So you don’t have a uterus, and you don’t care about the Supreme Court’s decision striking down Roe v. Wade? Better hope you aren’t a member of the LGBTQ community, either–because gay folks are now in the line of fire, per Talking Points Memo.
After passing the House with the support of 47 Republicans, the Respect for Marriage Act, which would protect marriage rights for same-sex couples if the Supreme Court were to overturn its 2015 decision in Obergefell v. Hodges, faces much dimmer prospects in the Senate. There is one reason why: the Christian right still controls the Republican Party. Movement leaders know it took 50 years to reverse Roe, and are committed to a similar strategy to undermine and eventually overturn Obergefell.
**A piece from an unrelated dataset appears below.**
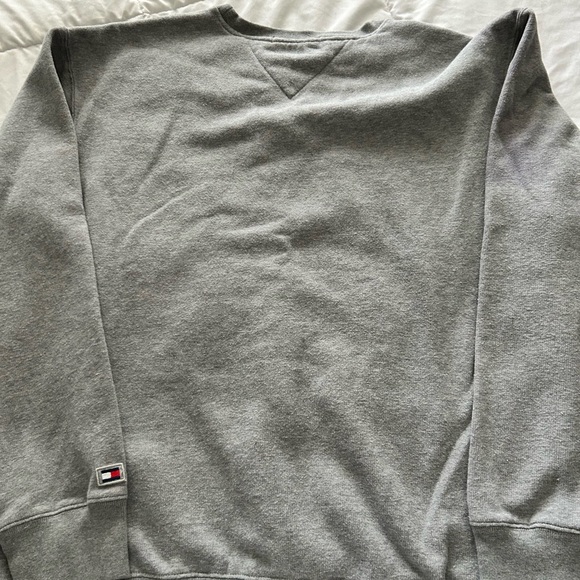 Vintage- 2002 Tommy Hilfiger Sweatshirt - Picture 7 of 7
With abundant clues in the Supreme Court’s June decision overturning Roe that LGBTQ rights could be next on the chopping block, it is unimaginable that movement leaders would sink that goal by allowing this bill to become law.
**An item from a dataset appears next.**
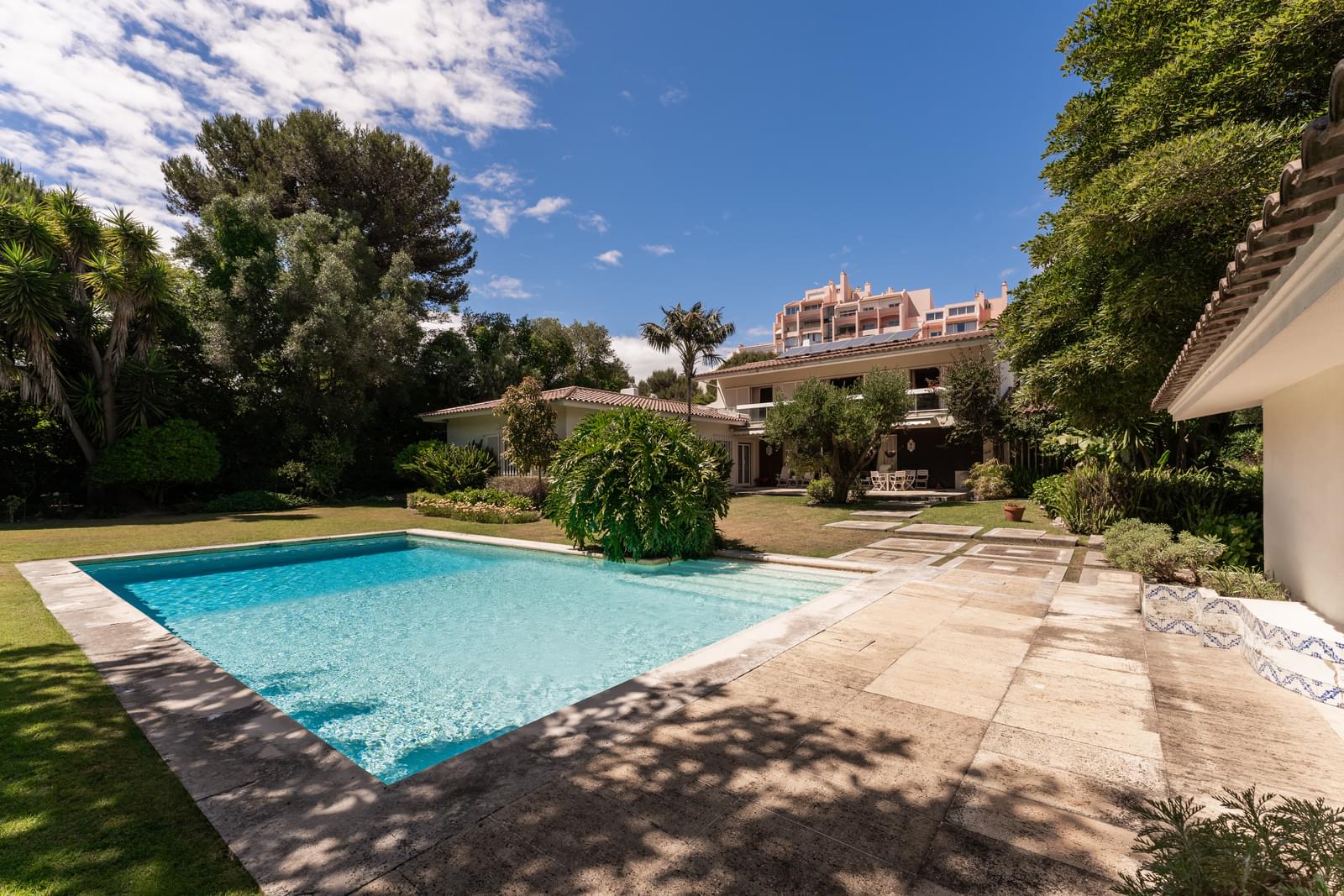 Villa for sale in Cascais and Estoril 46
Republican senators are keenly aware of this. That is why South Dakota’s John Thune and Louisiana’s Bill Cassidy accused Democrats of introducing the bill to distract from inflation. It is why Florida’s Marco Rubio called it “a stupid waste of time,” and claimed gay Floridians are “pissed off” about something else — high gas prices. And it is why Maine’s Susan Collins, who was one of the bill’s four original Republican supporters, came up with the laughing-crying emoji argument that, because Majority Leader Chuck Schumer (D-NY) and Sen. Joe Manchin (D-WV) had struck a surprise deal on Democratic legislative priorities late last month, she would struggle to win fellow Republicans’ support for the marriage bill. “[I]t was a very unfortunate move that destroys the many bipartisan efforts that are under way,” she told HuffPost.
The article went on to document the “avalanche of opposition” to the bill from the Christian Right that effectively controls today’s GOP.
The Family Research Council Action began calling the bill the “(Dis)Respect for Marriage Act” before it even reached the House floor, and pointed to the provision in the party’s platform (back when the GOP still bothered with such things) that states, “[t]raditional marriage and family, based on marriage between one man and one woman, is the foundation for a free society and has for millennia been entrusted with rearing children and instilling cultural values.”
FRC Action also ginned up fear among its members by alleging that the bill would be used to persecute them and take away their religious freedom. (I remind readers that–in Christian Nationalist language, “religious freedom” is defined as freedom to impose their fundamentalist Christianity on everyone else.)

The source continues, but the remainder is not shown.